Friday, October 1, 2010

Jerome Kodell on Salvation, Preaching and Community in Acts

First, the gem: "In preaching the word, the believer is preaching his own life as lived in community, and the offer and challenge of faith is an offer of community."

The context (including several more gems):
"Salvation through Christ and life in the church is a complex mystery in Acts. Christianity is acceptance of the message that Jesus is Lord and Christ and adherence to him in personal faith. But acceptance of Christ and his message is still only a beginning. This act leads necessarily to baptism into a community, where believers share life together in κοινωνία [fellowship]. Because the church is missionary, this fellowship is not introverted, but opens out to the world under a mandate to witness to Christ by preaching the word to others by word and deed. Faith leads to community, community to witness.
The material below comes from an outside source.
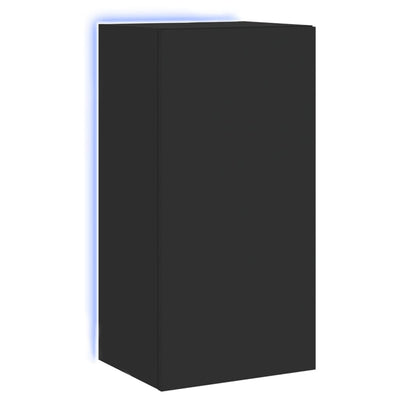 TV-seinäkaappi LED-valoilla musta 40,5x35x80 cm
The circle is completed when the believer, having accepted the word through the church, takes the word to others as a member of the church.
"After the resurrection, the word of God is embedded in the Christian community. It lives in the church in a community of life with the believers. In preaching the word, the believer is preaching his own life as lived in community, and the offer and challenge of faith is an offer of community. Luke sees the word so bound up with community life and witness that he can say "The word of God grew" when the church adds new members."
- Jerome Kodell, “‘The Word of God grew’: The Ecclesial Tendency of Λόγος in Acts 1,7; 12,24; 19,20” Biblica 55 (1974): 505-519, here 518.